Adversarial Simulation

• Record Linkage Attack: Precision@1 = 0 under auxiliary QI exposure — no deterministic re-identifications.
• Skewness Attack: Residual micro-group lift < 3.0; inference risk limited to statistical, not identity-level, leakage.
• Semantic Attack: High entropy (≈ 0.9) and low category purity (≈ 0.2) demonstrate semantic robustness.

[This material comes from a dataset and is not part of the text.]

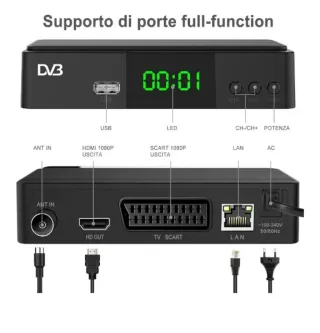 Decodificador TDT Dcolor 2024 DVB-T2/C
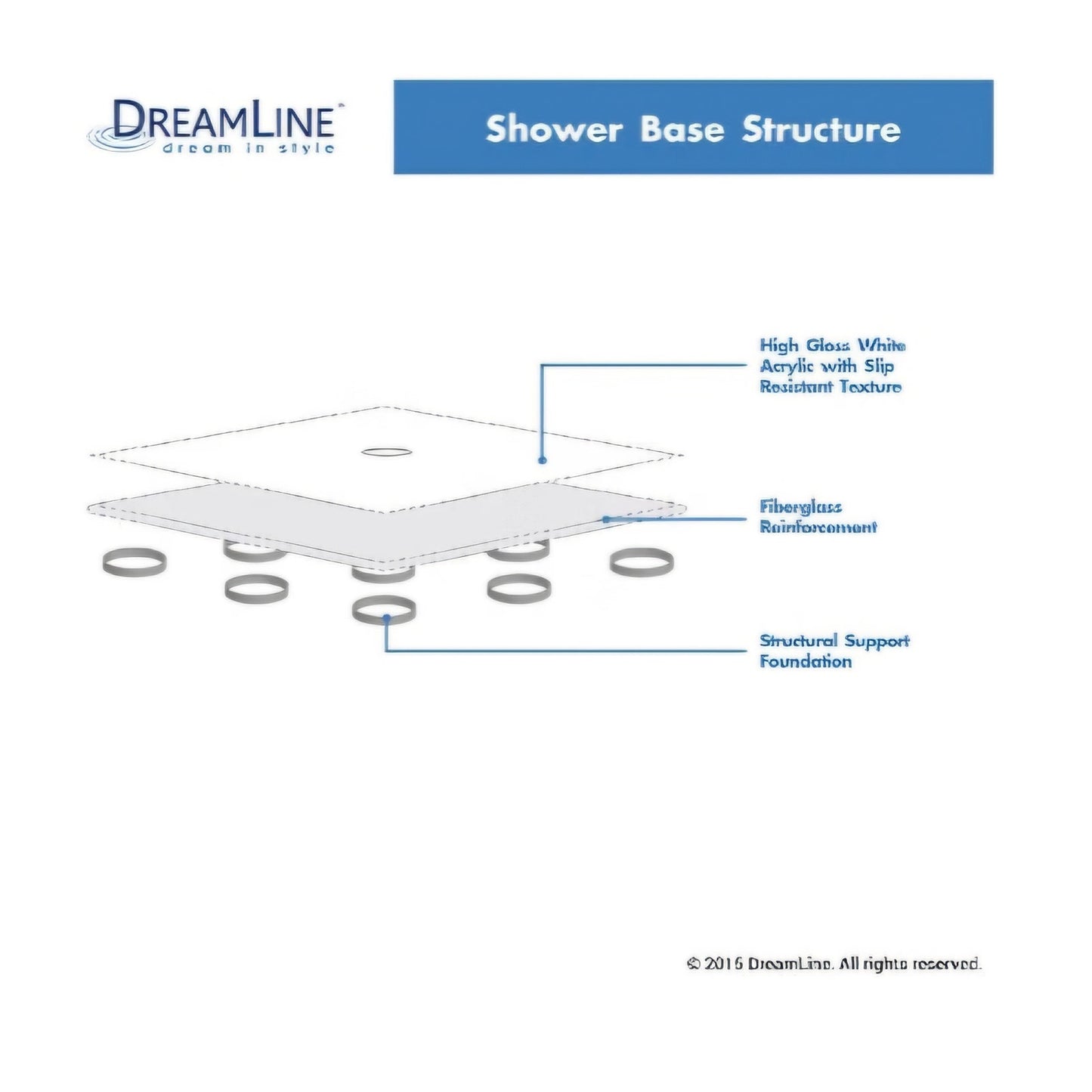 DreamLine SlimLine 32 in. D x 60 in. W x 2 3/4 in. H Center Drain Single Threshold Shower Base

Security–Utility Trade-Off

| Metric | Pre-Anonymization | Post-Anonymization | Δ Utility |
|:–|:–:|:–:|:–:|
| Records Retained | 150 000 | 118 654 | –20.9 % (suppression + diversity enforcement) |
| k | — | 3 | — |
| ℓ | — | 3 | — |
| Mean Uniqueness | 0.83 | 0.004 | ↓ 99.5 % |
| Re-ID Precision@1 | 0.42 | 0.00 | ↓ 100 % |

The final dataset maintains information-theoretic privacy under equivalence-class modelling while preserving statistical validity across all three analytical tasks.

Outcome

Delivered a privacy-engineered, publicly releasable dataset compliant with statistical disclosure control principles.
By integrating cryptographic pseudonymization, structured generalization, and quantitative privacy–utility analysis, the solution establishes a reproducible framework for secure data publishing in health and fairness research.